2/02/2014

If the stork did not bring in Hsien Loong and Hsien Yang




This is a hypothetical scenario and with no disrespect or intent to smear anyone. It attempts to look at another aspect of our social political development and how it became what it is today because of the stork. Three areas will be greatly different in our system, the politics of the island, the fast track promotions of super talents and the grotesque salaries of the elite.

In politics, more natural and talented individuals would rise to the occasion, picked by the best and objective system based on an individual’s talent. The criteria would be very stringent, just like how so many of the second batch of ministers failed and were dropped. When the decision maker was looking at performance on purely abilities, only the best would survive the process. The presence of Hsien Loong/Yang had in many ways clouded many judgements and decisions, just my subjective view, and let to many poor and biased decisions. When the crown princes had been conferred, it was just not possible or right for other crown princes to come into the picture meritocratically or intentionally. The crown princes were there, period, and the search for more and better men ends there.

One of the greatest flaws in our administrative system, contributed by the stork, is the rapid promotion of young talents to top positions before their pubic hair appeared. This was simply not how a mature and durable system worked in the normal way. It may be necessary in the case of the sudden birth of a new nation when not all the right people were in the right places and many needed to be inserted quickly. In the case of rapid promotions, not only that the talents are too young and lack the maturity and wisdom that come with age and experience, their presence taxed heavily on the system of natural attrition. Many good men and women just peaking in their careers would have to make way for the immature kids to replace them. On one hand the system lost some of the best talents that were just blooming. On the other it inherited some young punks that were still wet behind their ears and could mess things real bad for lacking in wisdom and experience.

To compound the problem, exceptionally and irrationally high salaries were introduced to reward the yet to achieve anything young talents. And the system continued to grow rapidly with each new cohort entering the system. They kept feeding on a system, drawing huge sums of money that was unsustainable in the long run. After 30 years, it is taking its toll, the drain on the treasury is showing and drastic measures are needed to keep filling a fast depleting purse due to excessive salaries and high expenditure on grandeur and the unnecessary.

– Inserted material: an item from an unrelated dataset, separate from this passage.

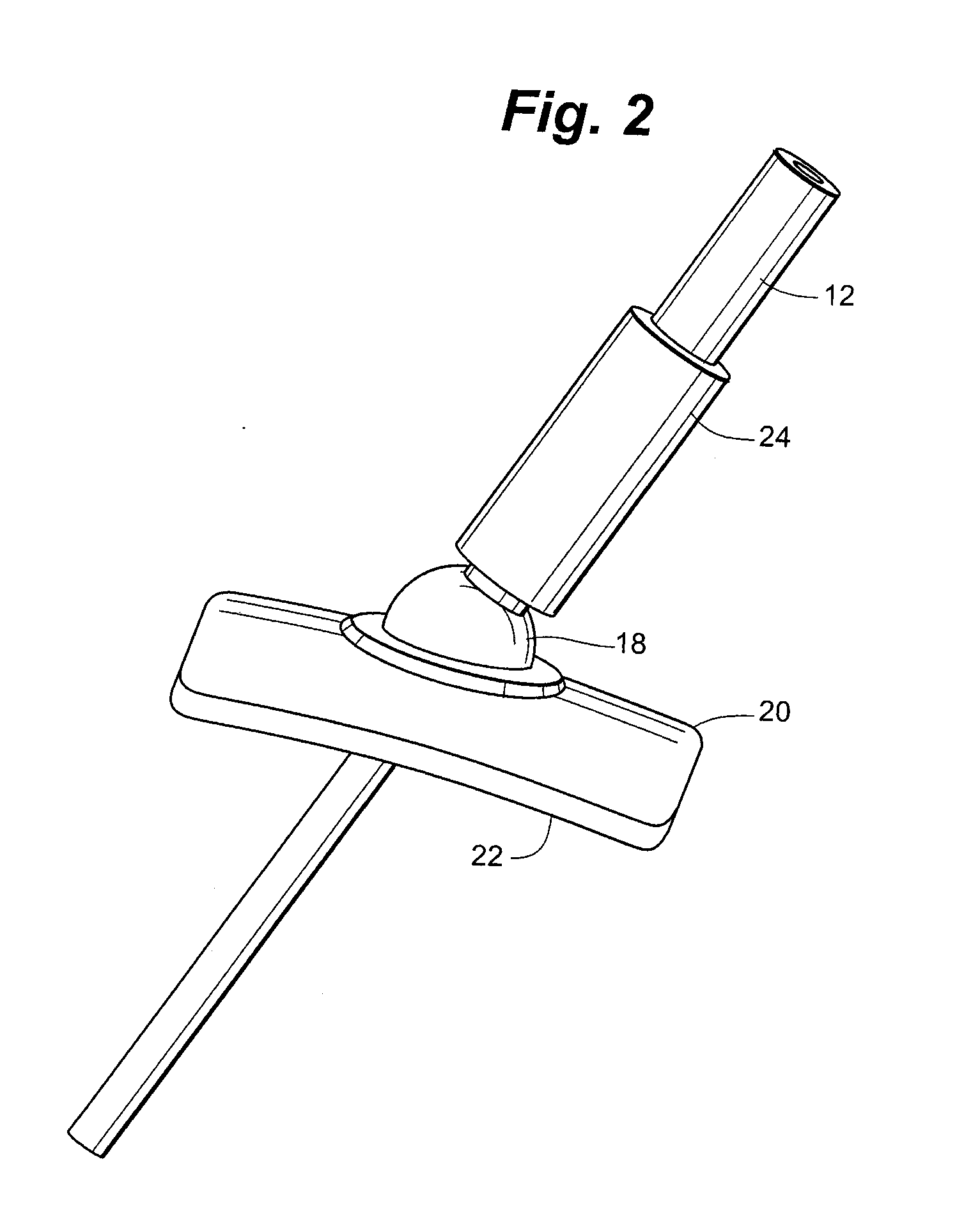 Anchorless Non-Invasive Force Dissipation System for Orthopedic Instrumentation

If the system could be reset, many older talents would have more good years to hone their skills on the job. New and young talents would have more time to learn the rope and be wiser in the process before taking on bigger responsibilities. The financial burden in the system would not be so strain as the salaries would be more down to earth, less financially demanding. No paymaster under normal circumstances would be so eager to justify and pay the young punks unspeakable salary in public office. Blame it on the stork for this anomaly and perversion of the remuneration system. Today, I believe many in high places are seeing the folly of these abnormalities but could not unwind them without creating unbearable pains to those in the gravy train. But the breaking down of an unsustainable system is only a matter of time as it is grossly extended and overstretched in all areas.

To have young mavericks at the top of their professions is often an accident of nature. It happened in history now and then. In normal cases, many in their 30s and 40s are still not ripe to be in position of power and authority. Simply too brash, have not seen enough of life. The painful sights of some young parliamentarians and top civil servants struggling to make meanings in what they were doing are testimonies that such abnormalities must be rectified. The young and old have their right places at the right time. Putting the cart before the horse often doesn’t work well.

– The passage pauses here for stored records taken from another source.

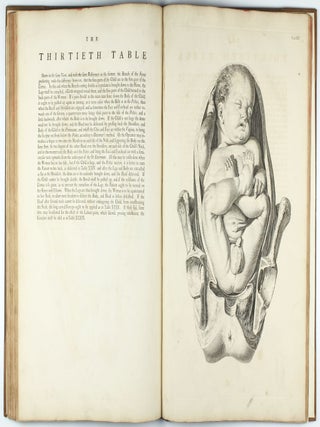 A Sett of Anatomical Tables, with Explanation and an Abridgement of the Practice of Midwifery, with a view to illustrate a treatise on that subject, and collection of cases.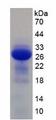 IL2RB / CD122 Protein - Recombinant Interleukin 2 Receptor Beta By SDS-PAGE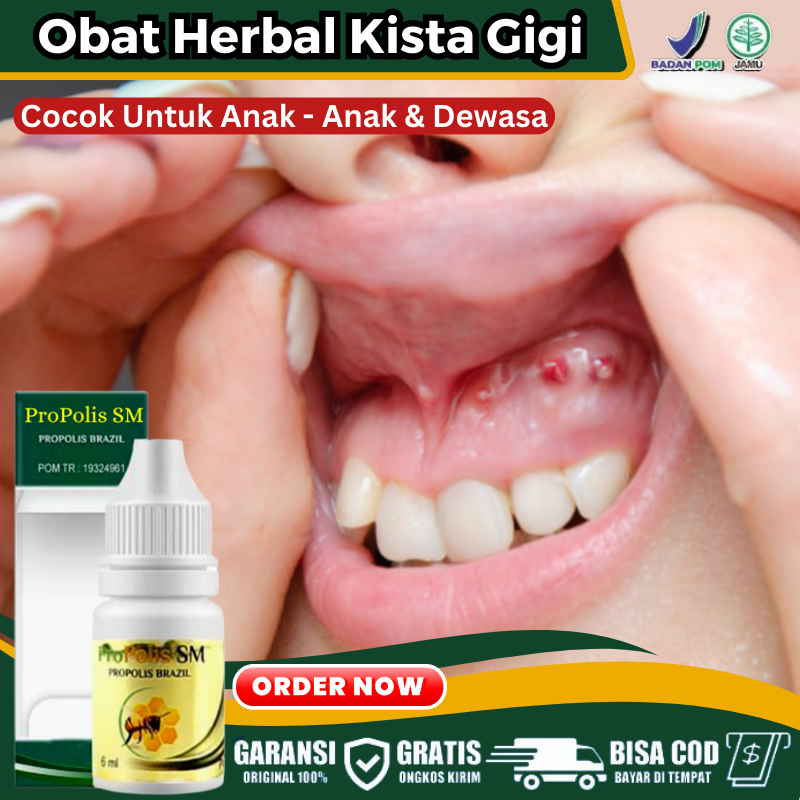 Obat Herbal Kista Gigi Pada Anak & Dewasa, Obat Benjolan Berisi Cairan di Sekitar Gigi & Gusi, Obat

To reset to the system is difficult and to be avoided, but it will be reset with great pains to many in its own ways.  It must reset to take away the overheating or it will just burn out by itself. How things would have been so different if the stork did not come with good tidings, or was it a bad one?

Blame it on the stork I suppose.

2/01/2014

Ang bao rates by Salary.sg



Below are the rates posted at Salary.sg. It is part serious and part light hearted. Hope people don’t take this too seriously like ang bao rates for wedding dinner. The ang bao tradition has several thousand years of cultural history and must not be commercialised to a point of being killed.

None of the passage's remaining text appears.